- **Work required**:
The records that follow need to be printed exactly. Leave out each image.

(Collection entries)
■ ■ ■ ■ ■ ■ ■

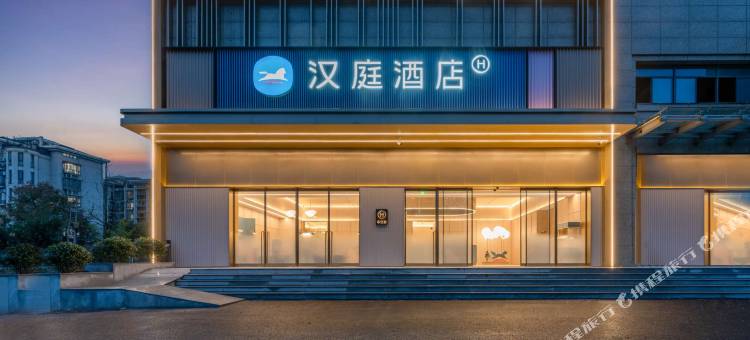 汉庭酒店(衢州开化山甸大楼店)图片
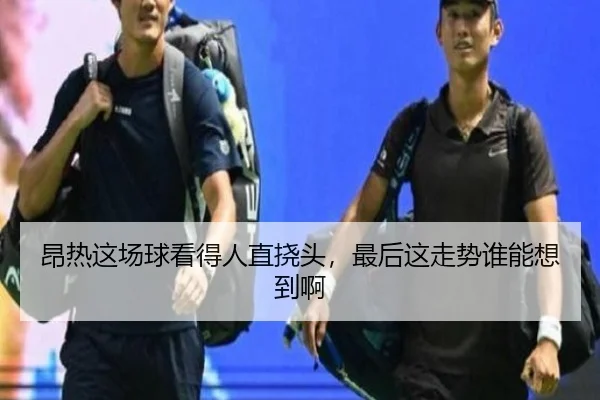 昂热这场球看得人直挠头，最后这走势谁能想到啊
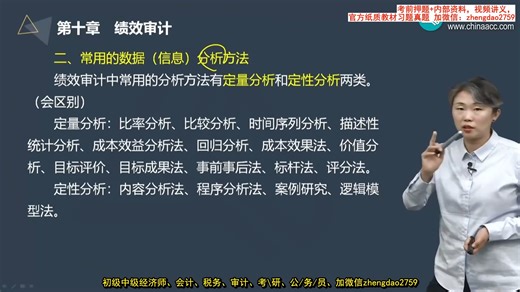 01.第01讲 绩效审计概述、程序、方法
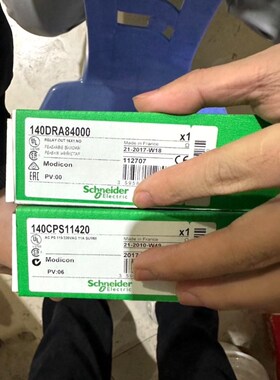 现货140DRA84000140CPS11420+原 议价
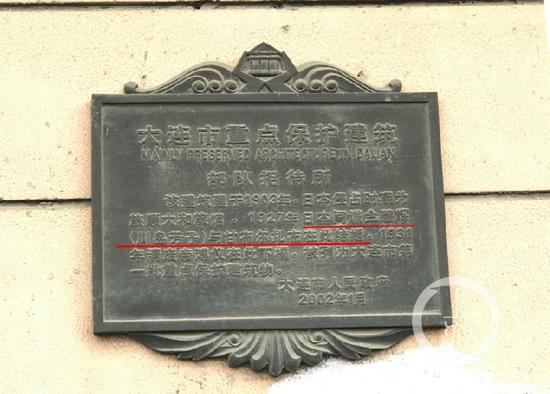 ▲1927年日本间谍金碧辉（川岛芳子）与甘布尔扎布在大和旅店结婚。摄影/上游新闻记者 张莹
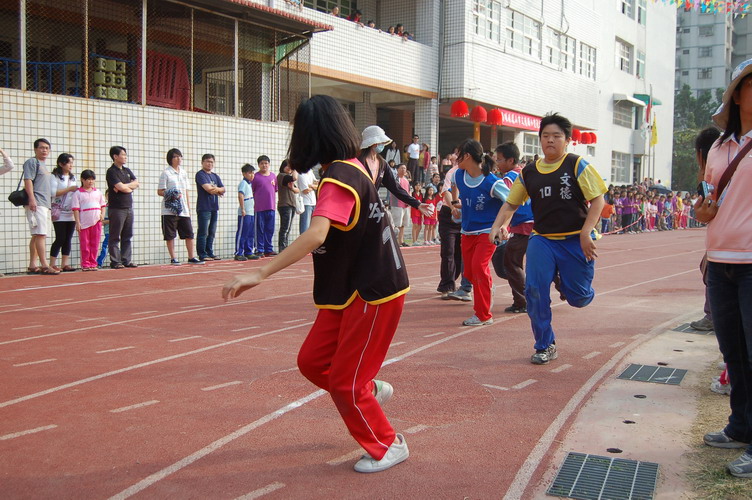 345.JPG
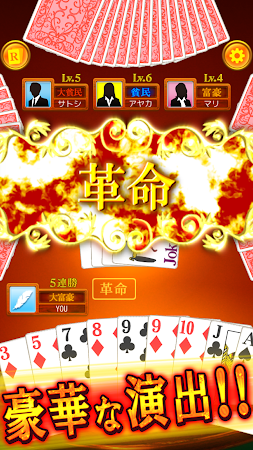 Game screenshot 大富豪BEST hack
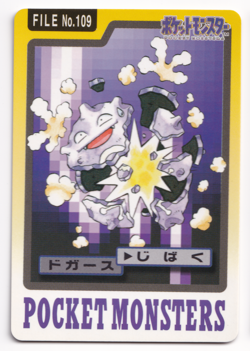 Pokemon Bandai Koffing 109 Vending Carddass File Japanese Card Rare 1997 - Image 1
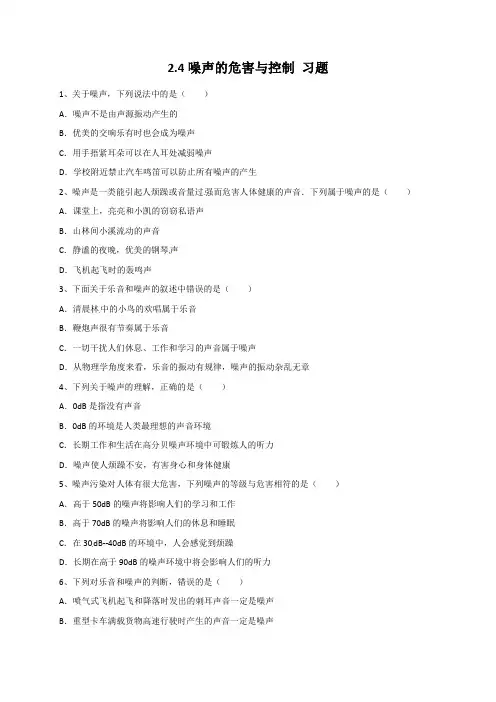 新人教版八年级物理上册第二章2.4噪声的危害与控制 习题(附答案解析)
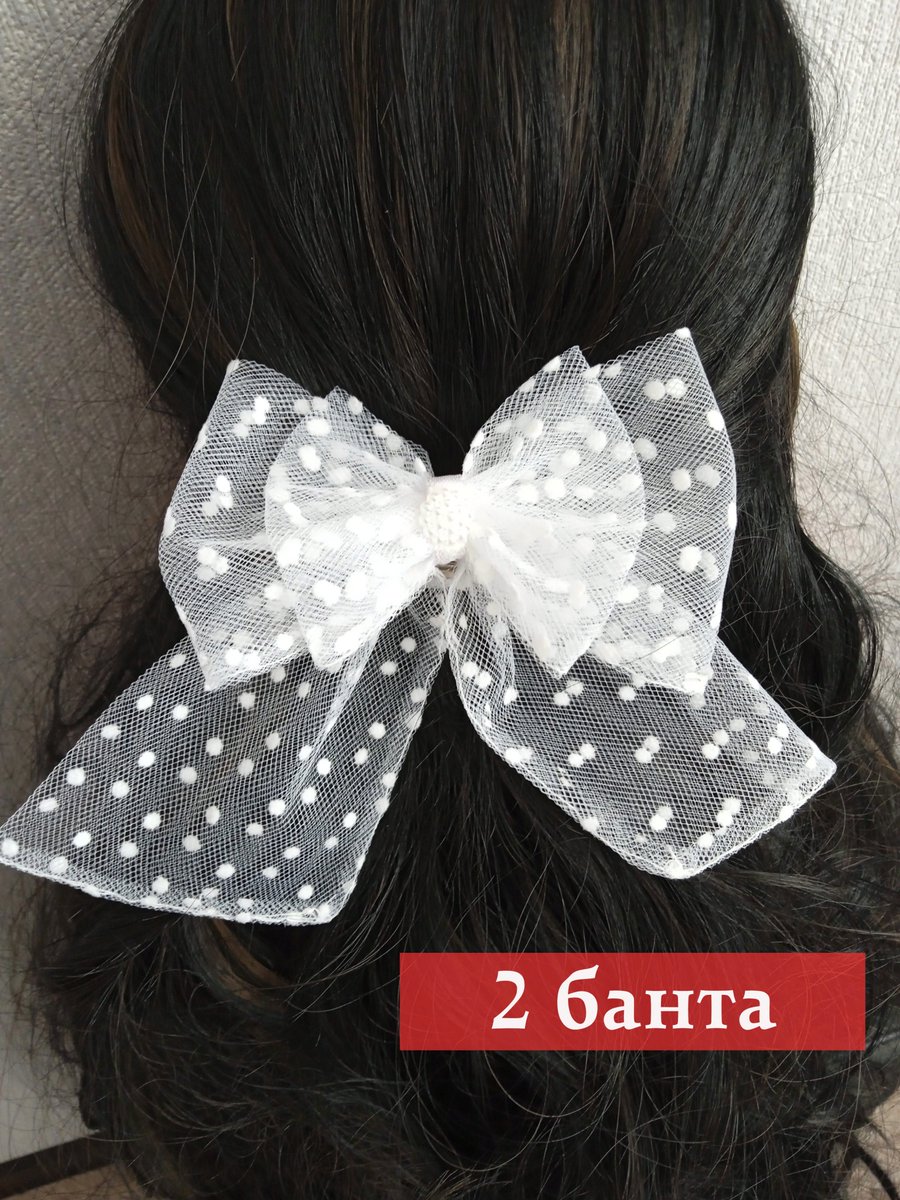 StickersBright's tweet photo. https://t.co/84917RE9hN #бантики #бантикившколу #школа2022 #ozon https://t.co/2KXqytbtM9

■ ■ ■ ■ ■ ■ ■

- **Exercise result**:
 汉庭酒店(衢州开化山甸大楼店)图片
 昂热这场球看得人直挠头，最后这走势谁能想到啊
 01.第01讲 绩效审计概述、程序、方法
 现货140DRA84000140CPS11420+原 议价
 ▲1927年日本间谍金碧辉（川岛芳子）与甘布尔扎布在大和旅店结婚。摄影/上游新闻记者 张莹
 345.JPG
 Game screenshot 大富豪BEST hack
 Pokemon Bandai Koffing 109 Vending Carddass File Japanese Card Rare 1997 - Image 1
 新人教版八年级物理上册第二章2.4噪声的危害与控制 习题(附答案解析)
 StickersBright's tweet photo. https://t.co/84917RE9hN #бантики #бантикившколу #школа2022 #ozon https://t.co/2KXqytbtM9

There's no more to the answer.